Others can share their perspectives and ask thoughtful questions like, “Do you think that’s the best direction for you?” They can present different viewpoints that challenge your thinking. But they don’t get to dictate your choices or shame you into compliance. Unless you’re specifically asking for guidance, they shouldn’t try to make you feel guilty or wrong about your decisions.
Your choices might be completely right or entirely wrong, but that’s not really the point. The real value lies in making those choices yourself and learning from the outcomes. When you succeed or fail on your own terms, those lessons stick with you in a way that simply following someone else’s advice never could.
If you never take risks because you’re paralyzed by fear, whether that’s fear of failure or fear of disappointing well-meaning advisors, you’ll never discover your own truth. You’ll just keep reinforcing the pattern of deferring to others instead of developing trust in your own judgment. The only way to build that trust is through direct experience, through trying things yourself, and learning from whatever happens next.

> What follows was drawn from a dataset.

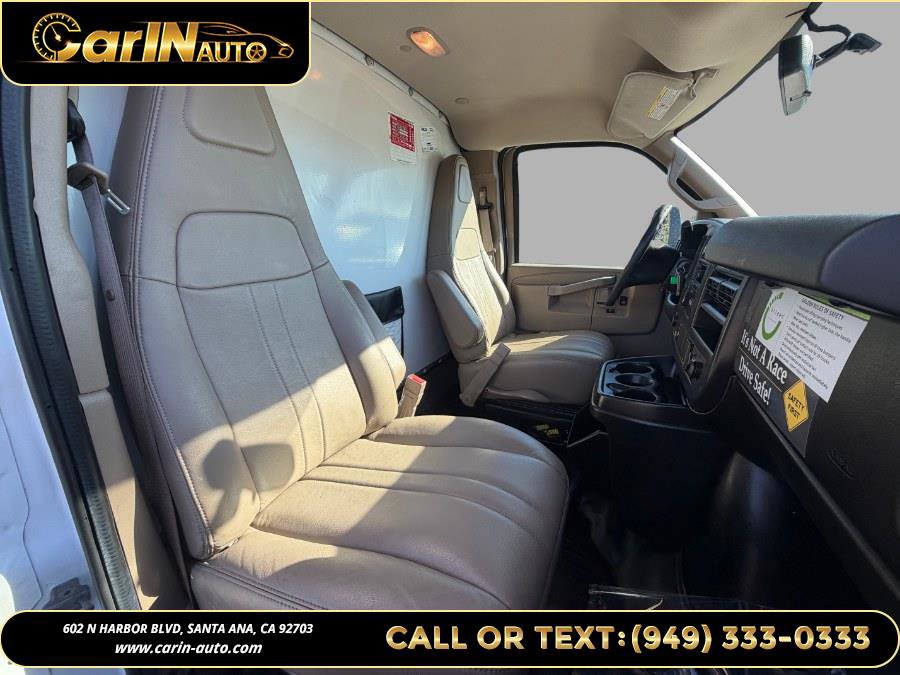 Used 2016 Chevrolet Express 4500 RWD image 18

This journey of making your own choices and learning from them is what transforms you from someone who needs constant guidance into someone who can navigate life’s challenges with confidence and wisdom. Even if those choices lead to failure, they’re still yours to make, and the lessons learned will be far more valuable than any secondhand wisdom.

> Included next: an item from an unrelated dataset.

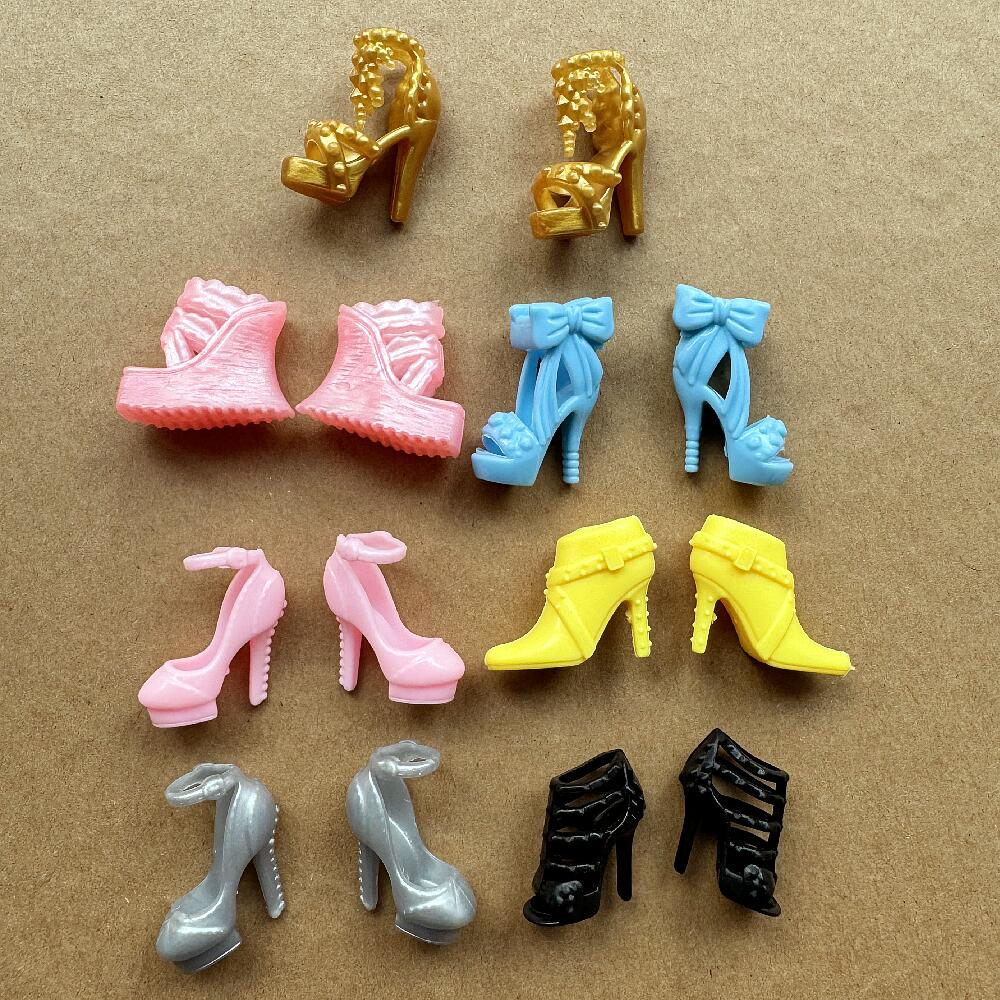 Sepatu Bot Panjang Model High  - Vintage Collectible Barbies ulasan dan harga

Embrace Your Imperfect Self
Becoming independent means learning to trust yourself as an adult, even when you make what might seem like foolish decisions. In reality, very few of our choices are truly stupid. Most decisions we make come from educated guesses based on available resources and information. We gather data, weigh options, and try to make the best choice possible with what we know.

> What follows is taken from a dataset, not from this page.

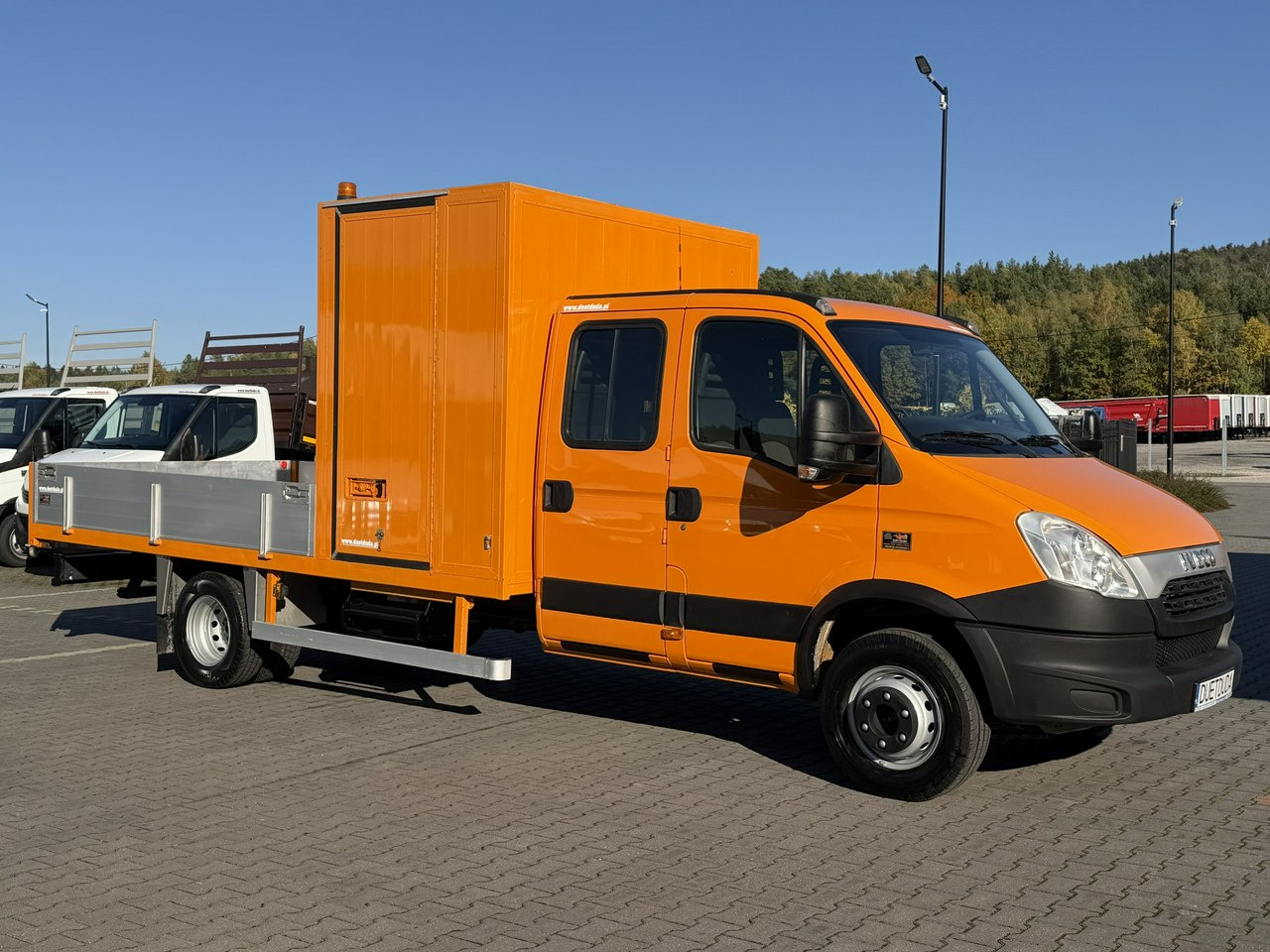 Iveco Daily 70C18 V H - Utilitaire plateau, Utilitaire double cabine: photos 1 Iveco Daily 70C18 V H - Utilitaire plateau, Utilitaire double cabine: photos 1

Of course, we must be selective about whose input we consider when making life decisions. It’s easy to fall into that parent-child dynamic trap, automatically assuming that someone’s age or parental status equals superior wisdom. While older people often do have valuable insights, their age alone doesn’t guarantee they’re right. I know this first-hand, being of the older generation and humbled on many occasions!
Even when someone appears wise and intelligent, their advice isn’t automatically the best path for you. They might have more experience or wisdom in certain areas, but that doesn’t make their guidance infallible. The key is developing a relationship where you can thoughtfully evaluate their experience and apply it to your situation. Ask yourself if what they’re saying rings true. If it does, perhaps you need to reassess your approach. If not, trust yourself to make your own choice.
The challenge becomes especially complex when dealing with people who’ve been hurtful or toxic in the past. Even if they offer perfectly sound advice, their history of harmful behavior creates a barrier. You might not feel safe enough to truly hear them, trust their input, or follow their guidance. In fact, you might instinctively resist their suggestions, even when they’re pointing you in the right direction, simply because of that damaged trust and emotional safety.
It creates a challenging paradox when a toxic person offers potentially valuable advice. Our natural instinct might be to reject everything they say simply because they’re the source, even if doing so works against our best interests.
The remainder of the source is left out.